Zeit ist auch bei einem Cyberangriff ein kritischer Faktor. Sie haben die Internet-Service-Provider schon kritisiert, weil sie Cyberattacken nicht im erforderlichen Umfang und Tempo an die Kunden melden. Wo sehen Sie da die Gefahr?

Wir kennen Fälle, bei denen eine schnellere Alarmierung seitens des Internet-Service-Providers grössere Schäden beim Kunden hätte reduzieren können. Die Provider sollten ihre Pflichten ernst nehmen und ihre Kunden bestmöglich schützen – und ihnen nicht nur ein Sicherheitspaket als zusätzliche Option zum Kauf anbieten. Ich verstehe, dass das ein Geschäftsmodell für die Provider ist, aber wir müssen uns offensichtlich ernsthaft darüber unterhalten, welche Services zur Grundausstattung dazugehören sollten, damit der Service in der nötigen Sicherheit und Qualität erbracht werden kann.

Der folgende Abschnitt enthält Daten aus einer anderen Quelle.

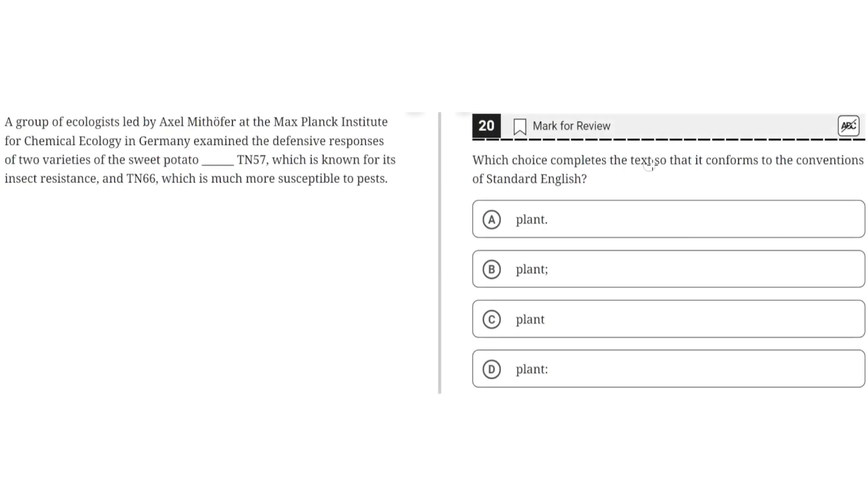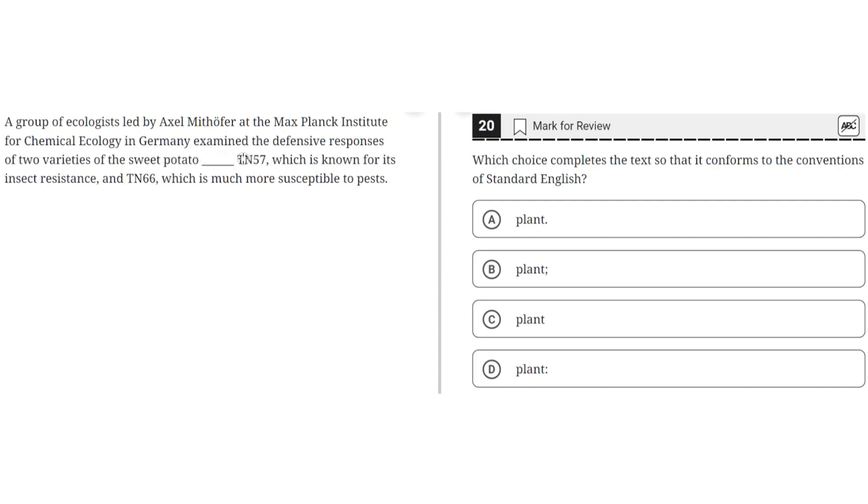Which choice completes the text so that it conforms to the conventions of Standard English? A group of ecologists led by Axel Mithoffer at the Max Planck Institute for Chemical Ecology in Germany examined the defensive responses of two varieties of the sweet potato, TN57, which is known for its insect resistance, and TN66, which is much more susceptible to pests.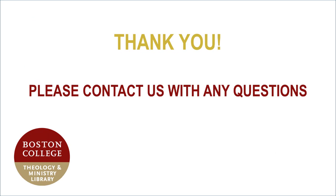That concludes this tutorial. If you have any questions, please contact the staff at the Theology and Ministry Library. Thank you!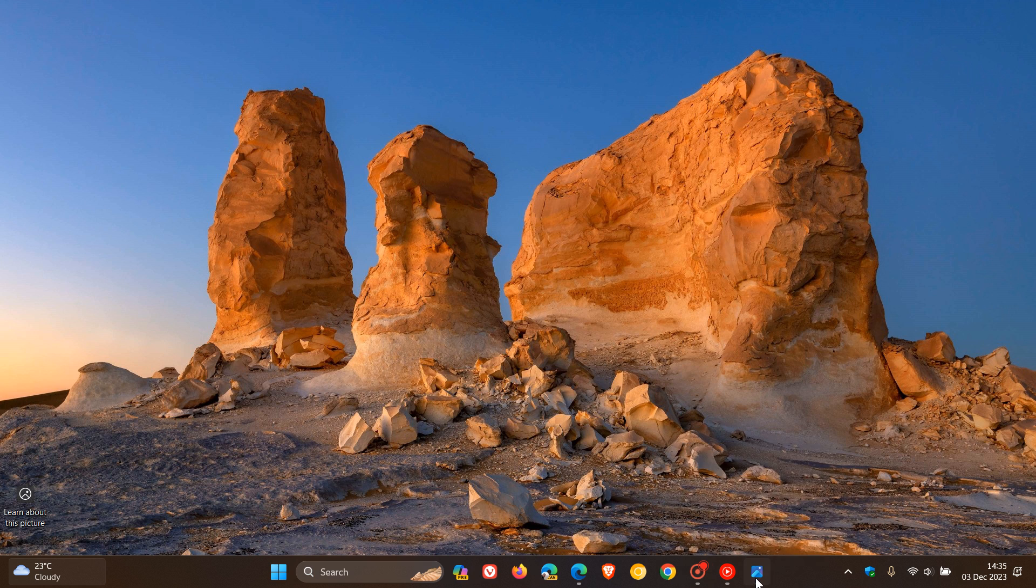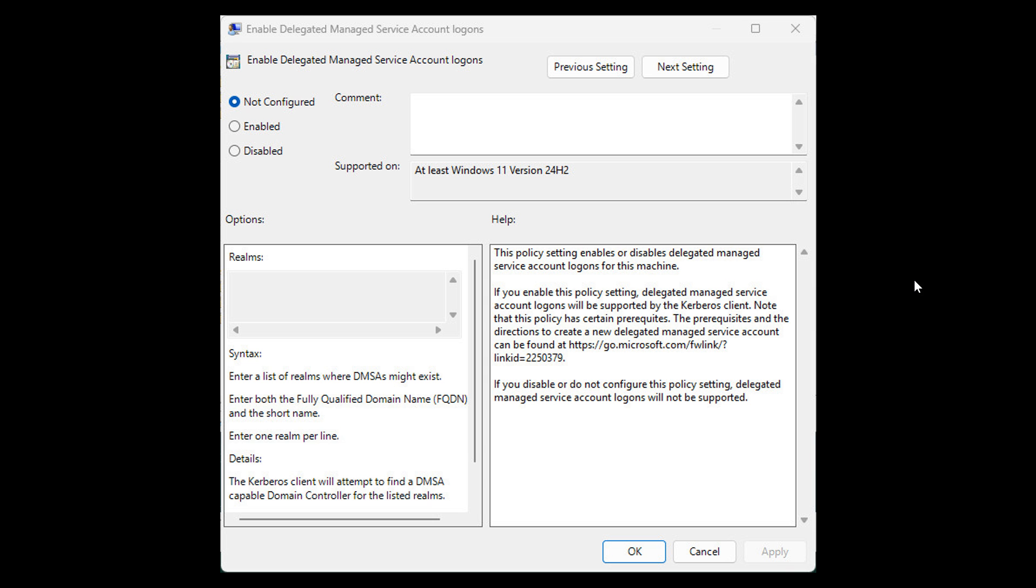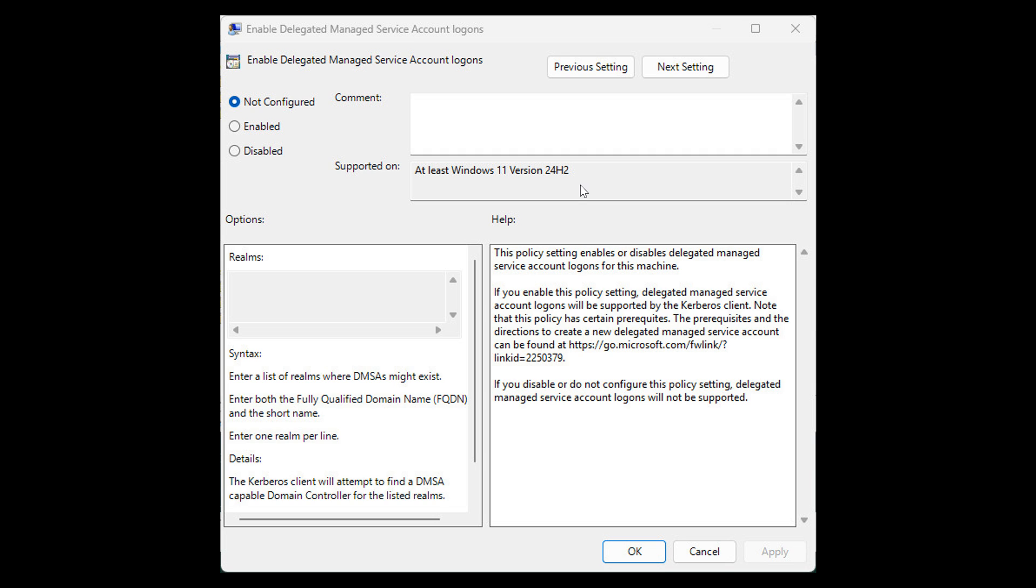So if we head over to this screenshot, here we can see a screenshot of this policy, and it says here at the top, as we can see, enable delegated managed service account logons. And it says here, supported on at least Windows 11, version 24H2. So this is in a new policy. And obviously, this is a screenshot of that. So yeah, there are references to at least Windows 11, version 24H2, which is interesting.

Alle Anbieter sollten also den gleichen, maximalen Sicherheitsstandard in ihren Grundpaketen offerieren?

Das wäre auch aus strategischer Sicht klug. Wenn die Schweizer Internet-Service-Provider hier einen sehr hohen Standard setzen würden, kann das motivierend und fördernd dafür sein, dass sich mehr Firmen in der Schweiz ansiedeln. Das könnte vermutlich eine positive Spirale in Gang setzen.

Flächendeckende und grundlegende IT-Sicherheit könnte also für das ganze Land zu einem Standortvorteil werden, ähnlich wie es die stabilen politischen Rahmenbedingungen sind, mit denen die Schweiz seit jeher trumpfen kann?

Durchaus, denn wir haben in der Schweiz eine sehr gute Infrastruktur und eine sehr gute Konnektivität, und das macht es auch sehr einfach. Das wird schnell zu einem Standortfaktor, zumal Firmen in Zukunft immer digitaler werden dürften. Und da hat die Schweiz eine gute Chance, zu einem bevorzugten Standort im Bereich Sicherheit zu werden, zumal es ja auch so ein bisschen ein Schweizer Thema ist, denn man vertraut der Schweiz und dem hiesigen Datenschutz.

Dieser Beitrag ist erstmals am 2. März 2023 erschienen im HZ Insurance Special «Cyber Risk» unter dem Titel «Man vertraut der Schweiz».